В течение четырех или пяти лет он таким образом отдавал себя целиком довольно ограниченному кругу лиц. В то время он меньше думал о тех больших, быстрых поездках, которые к концу его жизни стали у него почти страстью, нежели о том, чтобы основать и укрепить церкви, которые могли бы служить ему точкой опоры. Неизвестно, были ли у него в это время сношения с Антиохийской церковью, которая послала его на проповедь. Но в нем пробудилось желание увидеть вновь эту церковь-мать. Он решил отправиться туда, и в обратном порядке проследовал по маршруту, уже пройденному им. Оба миссионера вторично посетили Листры, Иконию, Антиохию Писидийскую; они снова остановились в этих городах, укрепляя верующих в вере, наставляя их в постоянстве и терпении, уча их, что только скорбями и можно войти в Царство Божие. Устройство этих далеких Церквей было, впрочем, очень несложно. Апостолы избирали в каждой из них старейшин, которые, после их отъезда, представляли всю власть их. Прощание бывало трогательное. Все постились, молились, а затем апостолы поручали верных Богу и отправлялись в путь.

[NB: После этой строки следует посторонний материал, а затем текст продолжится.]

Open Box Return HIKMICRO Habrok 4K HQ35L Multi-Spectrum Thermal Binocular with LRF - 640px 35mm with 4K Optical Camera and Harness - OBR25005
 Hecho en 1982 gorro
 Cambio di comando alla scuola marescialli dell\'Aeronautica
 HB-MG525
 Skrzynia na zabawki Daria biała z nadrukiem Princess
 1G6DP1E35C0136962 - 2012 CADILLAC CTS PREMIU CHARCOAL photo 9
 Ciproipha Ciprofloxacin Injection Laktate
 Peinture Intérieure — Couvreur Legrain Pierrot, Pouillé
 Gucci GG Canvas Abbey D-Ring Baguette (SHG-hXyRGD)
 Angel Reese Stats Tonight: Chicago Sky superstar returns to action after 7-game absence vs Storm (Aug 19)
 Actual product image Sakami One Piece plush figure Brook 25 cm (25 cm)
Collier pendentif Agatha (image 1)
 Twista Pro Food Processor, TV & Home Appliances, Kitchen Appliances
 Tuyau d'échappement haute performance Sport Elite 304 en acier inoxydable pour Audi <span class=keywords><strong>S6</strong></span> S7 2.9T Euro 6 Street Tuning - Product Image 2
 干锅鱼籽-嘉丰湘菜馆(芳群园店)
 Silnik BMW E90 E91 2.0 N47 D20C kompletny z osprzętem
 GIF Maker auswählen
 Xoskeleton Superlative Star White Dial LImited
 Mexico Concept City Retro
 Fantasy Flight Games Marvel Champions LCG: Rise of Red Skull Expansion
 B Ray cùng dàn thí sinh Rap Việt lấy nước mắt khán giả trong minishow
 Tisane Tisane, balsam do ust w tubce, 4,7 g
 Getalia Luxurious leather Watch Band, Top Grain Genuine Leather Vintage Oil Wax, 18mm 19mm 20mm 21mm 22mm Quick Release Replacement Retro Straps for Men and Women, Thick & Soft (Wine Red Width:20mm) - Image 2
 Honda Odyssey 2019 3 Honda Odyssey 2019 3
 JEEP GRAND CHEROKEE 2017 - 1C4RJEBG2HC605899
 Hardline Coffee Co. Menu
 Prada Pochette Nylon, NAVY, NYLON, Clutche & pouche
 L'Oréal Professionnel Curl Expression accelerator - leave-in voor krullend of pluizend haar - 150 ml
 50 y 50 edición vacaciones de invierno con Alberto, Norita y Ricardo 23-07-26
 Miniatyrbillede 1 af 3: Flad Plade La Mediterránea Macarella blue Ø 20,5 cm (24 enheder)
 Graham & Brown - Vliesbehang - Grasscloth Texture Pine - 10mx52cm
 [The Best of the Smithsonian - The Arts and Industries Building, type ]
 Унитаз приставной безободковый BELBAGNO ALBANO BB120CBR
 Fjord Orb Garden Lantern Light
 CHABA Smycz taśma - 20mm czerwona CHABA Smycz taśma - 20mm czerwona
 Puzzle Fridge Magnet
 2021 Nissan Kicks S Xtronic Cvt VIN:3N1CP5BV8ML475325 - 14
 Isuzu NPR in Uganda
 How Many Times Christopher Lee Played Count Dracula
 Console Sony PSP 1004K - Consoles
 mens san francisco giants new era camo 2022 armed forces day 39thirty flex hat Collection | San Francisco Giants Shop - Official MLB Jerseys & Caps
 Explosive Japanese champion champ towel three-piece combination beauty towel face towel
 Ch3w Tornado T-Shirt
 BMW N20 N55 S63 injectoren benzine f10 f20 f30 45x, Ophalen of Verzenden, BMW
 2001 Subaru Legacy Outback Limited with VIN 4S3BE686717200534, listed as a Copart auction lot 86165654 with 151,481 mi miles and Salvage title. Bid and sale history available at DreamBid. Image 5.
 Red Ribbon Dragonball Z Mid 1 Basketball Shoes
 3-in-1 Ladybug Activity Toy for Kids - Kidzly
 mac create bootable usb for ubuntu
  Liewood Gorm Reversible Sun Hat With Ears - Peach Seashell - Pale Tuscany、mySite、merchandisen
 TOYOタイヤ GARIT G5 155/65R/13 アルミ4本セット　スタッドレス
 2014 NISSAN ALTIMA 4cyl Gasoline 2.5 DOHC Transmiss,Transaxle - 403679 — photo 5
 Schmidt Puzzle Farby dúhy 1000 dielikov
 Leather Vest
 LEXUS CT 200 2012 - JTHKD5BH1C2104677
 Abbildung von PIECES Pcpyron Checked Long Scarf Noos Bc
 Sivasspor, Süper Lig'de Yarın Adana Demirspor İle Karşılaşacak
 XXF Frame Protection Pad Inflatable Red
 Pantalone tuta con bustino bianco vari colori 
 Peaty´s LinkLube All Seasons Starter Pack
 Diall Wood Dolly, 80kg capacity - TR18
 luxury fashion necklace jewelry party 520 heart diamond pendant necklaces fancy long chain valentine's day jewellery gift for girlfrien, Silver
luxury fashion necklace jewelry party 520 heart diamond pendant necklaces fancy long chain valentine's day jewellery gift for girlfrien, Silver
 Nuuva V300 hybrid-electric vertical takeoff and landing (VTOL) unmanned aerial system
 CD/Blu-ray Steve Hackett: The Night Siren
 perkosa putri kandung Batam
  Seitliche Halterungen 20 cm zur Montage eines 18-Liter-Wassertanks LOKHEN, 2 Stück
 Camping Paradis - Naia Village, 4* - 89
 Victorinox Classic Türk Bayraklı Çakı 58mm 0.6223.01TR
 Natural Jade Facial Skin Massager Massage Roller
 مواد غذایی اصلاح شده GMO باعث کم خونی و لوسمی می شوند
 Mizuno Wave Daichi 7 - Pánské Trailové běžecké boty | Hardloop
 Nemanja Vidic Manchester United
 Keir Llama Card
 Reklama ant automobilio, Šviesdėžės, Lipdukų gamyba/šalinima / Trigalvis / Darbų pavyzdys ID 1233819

Из Антиохии Писидийской апостолы снова пришли в Перг. На этот раз проповедь их, по-видимому, увенчалась здесь успехом. Города с процессиями, паломничествами и большими ежегодными празднествами часто оказывались благоприятной почвой для проповеди апостолов. Из Перга они в один день пришли в Атталию, крупный порт Памфилии. Тут сели на корабль, отправлявшийся в Селевкию, откуда они добрались до великой Антиохии, где они, пять лет тому назад, были осенены благодатью Божией.
Поле этой миссии было не особенно значительно. Оно заключило в себе Кипр, во всю длину его, и в Малой Азии ломанную линию приблизительно в сто миль. Это был первый пример такого рода апостольского путешествия; ничего не было подготовлено заранее. Павлу и Варнаве пришлось бороться с крупными внешними затруднениями. He надо представлять себе эти странствия путешествиями, напр., какого-нибудь Франсуа Ксавье или Ливингстона, которых поддерживали богатые общества. Апостолы, скорее, были похожи на рабочих-социалистов, пропагандирующих свои убеждения из кабачка в кабачок, чем на современных миссионеров. Ремесло их оставалось для них средством к добыванию необходимого; им приходилось останавливаться, чтобы заниматься им, сообразуясь с местностью, где они находили работу. Отсюда задержки, безделье, тысячекратная потеря времени. Но, несмотря на всякие большие препятствия, общие результаты эта первая проповедь дала громадные. Когда Павел сел на корабль, чтобы вернуться в Антиохию, - существовали уже церкви язычников. Был сделан великий шаг. Все такого рода факты, произошедшие раньше, не имели решающего значения. Их можно было все более или менее правдоподобно оправдать перед правоверными иерусалимскими евреями, утверждавшими, что обрезание есть необходимое приуготовление к исповеданию христианства. На этот раз вопрос был поставлен прямо. Выяснился также другой факт величайшего значения: это - прекрасная почва, которую Евангелие могло найти в некоторых народах, исповедывавших мифологические культы. Учение Иисуса, очевидно, должно было воспользоваться тем очарованием, которое имело до тех пор на благочестивых язычников. Еврейство, в особенности Малой Азии, очевидно, суждено было стать второй христианской землей. После бедствий, которым вскоре подвергнутся палестинские церкви, она станет главным очагом новой веры, театром важнейших преобразований последней.
Глава 3. Первое дело об обрезании
Возвращение Павла и Варнавы Антиохийская церковь встретила радостными кликами. Вся улица Сингона приобрела праздничный вид; собралась вся церковь. Миссионеры рассказали свои приключения и то, что сделал Бог через них. "Сам Бог, говорили они, отверз двери веры язычникам". Они рассказали о Галатских церквах, почти целиком состоящих из язычников. Антиохийская церковь, которая, с своей стороны, давно признала законность крещения язычников, одобрила их образ действий. Они оставались в Антиохии несколько месяцев, отдыхая от трудов и окунаясь снова в этот источник апостольского духа. В это время, по-видимому, Павел и обратил в христианство и взял себе в ученики, товарищи и сотрудники молодого человека, необрезанного, рожденного от родителей язычников, по имени Тита, которого с этого времени мы встречаем с ним.